Try it: When you retype the entries, keep each one exact and leave out the pictures.

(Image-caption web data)
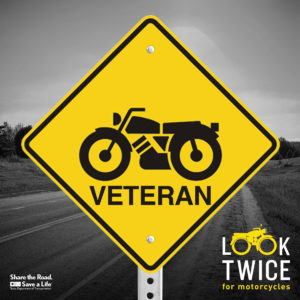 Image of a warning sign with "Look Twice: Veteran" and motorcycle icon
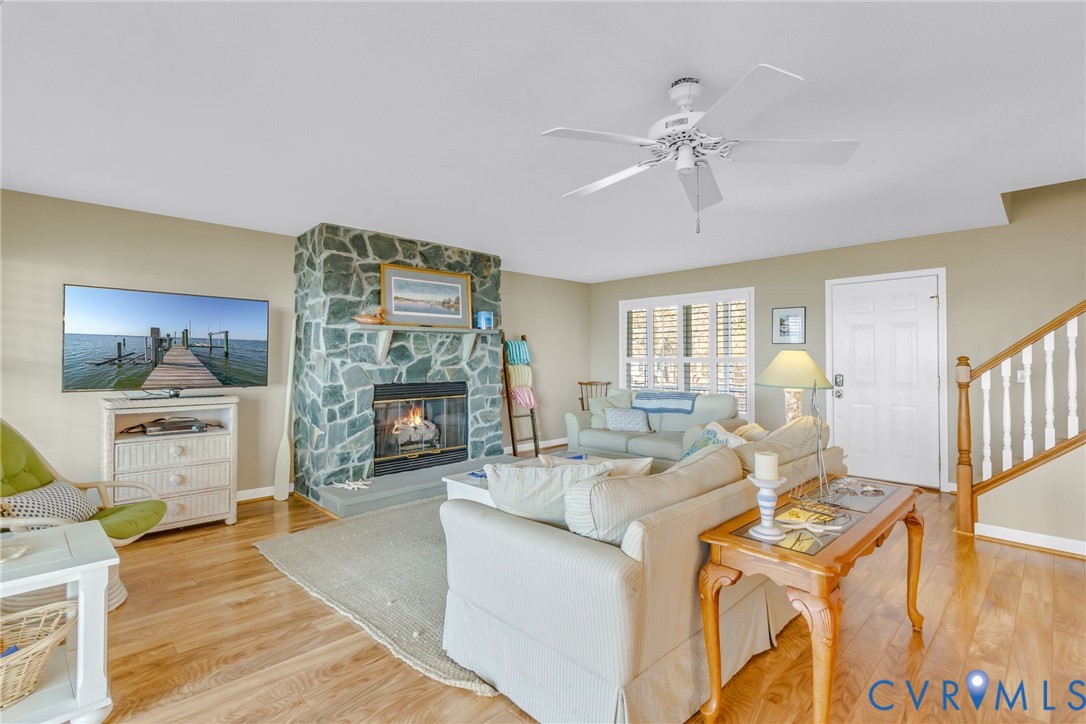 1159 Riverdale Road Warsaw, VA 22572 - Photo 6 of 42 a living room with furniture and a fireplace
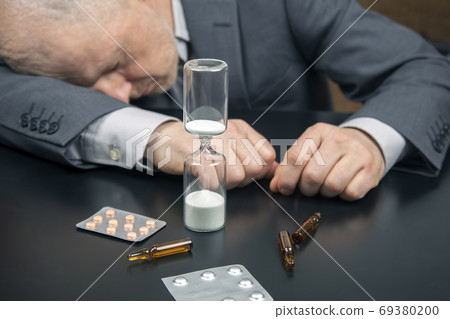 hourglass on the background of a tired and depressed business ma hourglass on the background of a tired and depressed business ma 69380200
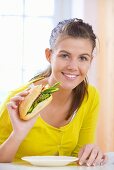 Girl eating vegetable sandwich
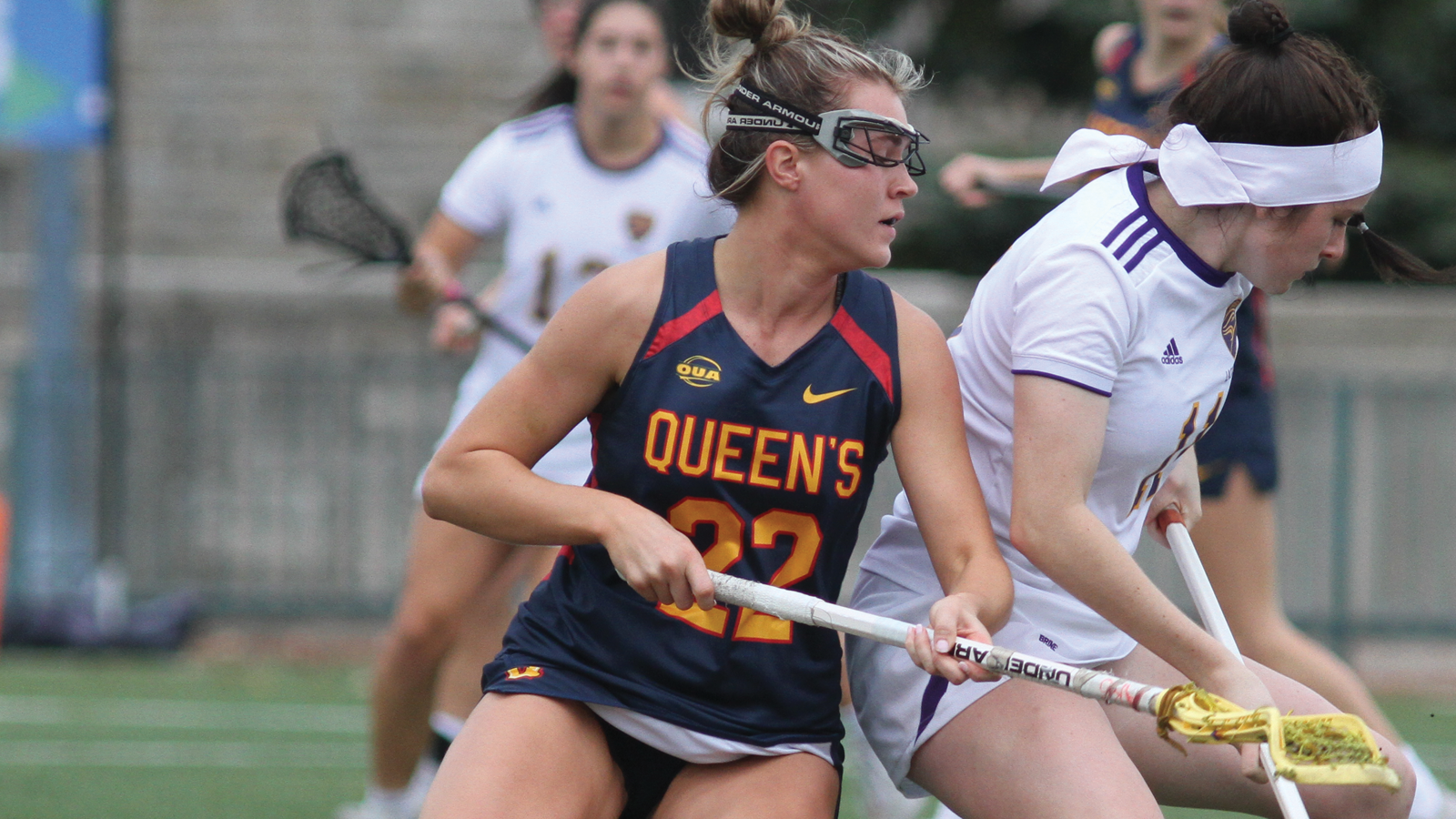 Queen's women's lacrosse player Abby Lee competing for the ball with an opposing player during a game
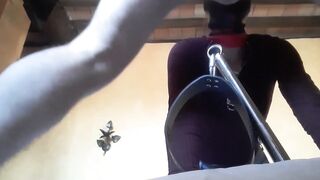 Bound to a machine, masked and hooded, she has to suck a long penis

Solution to the problem:
 Image of a warning sign with "Look Twice: Veteran" and motorcycle icon
 1159 Riverdale Road Warsaw, VA 22572 - Photo 6 of 42 a living room with furniture and a fireplace
 hourglass on the background of a tired and depressed business ma hourglass on the background of a tired and depressed business ma 69380200
 Girl eating vegetable sandwich
 Queen's women's lacrosse player Abby Lee competing for the ball with an opposing player during a game
 Bound to a machine, masked and hooded, she has to suck a long penis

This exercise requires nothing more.